India’s benchmark 10-year yield surged to 7.82 percent last week, the highest since February 2016. It may reach 8 percent in the fiscal year starting April 1, ICICI Securities Primary Dealership Ltd. said in January. The yield rose five basis points Thursday to 7.77 percent.
India’s economy expanded 7.2 percent in the three months through December, the fastest in five quarters, the government said Wednesday. That compares with the 7 percent forecast in a Bloomberg survey. Analysts are predicting faster growth will add to inflation and put pressure on the central bank to increase interest rates.
“GDP data is negative for rates markets as it brings forward rate-hike expectations.” said Vivek Rajpal, a rates strategist at Nomura Holdings Inc. in Singapore. “That said, sensitivity to rate-hike expectations is largely tied up with inflation.”
Bond trading volumes declined to an average 290 billion rupees ($4.4 billion) a day in the first two months of this year, from 435 billion rupees in the same period in 2017, according to central bank data.
“At this moment it’s tough to see much positives for the market,” Nageswar said. “We need some positive steps for market sentiment to improve. Otherwise we may continue to see a demand-supply gap.”
Nageswar said actions the authorities could take to revive the market include raising investment limits for overseas investors, reducing the rupee’s volatility, or increasing the required amount of bonds that banks need to hold.
State Bank has been trying to reduce duration and has been limiting purchases except for short-term trading, Nageswar said.
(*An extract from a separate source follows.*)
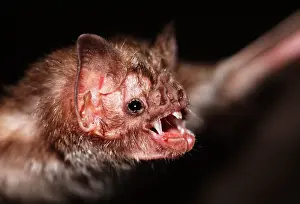 Sinister: Common Vampire BAT - close up of head, with teeth showing
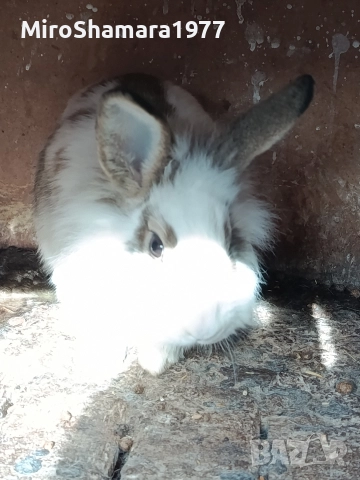 Продавам млади зайци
Most state-run banks already hold about 10 percentage points more government debt than they are required to under the statutory norms, he said. State Bank of India posted its first quarterly loss in 17 years in the three months through Dec. 31, partly due to a decline in treasury income.
Nageswar expects 10-year yields to range between 7.55 and 7.70 percent through the end of March, compared with his November prediction of 6.50 percent.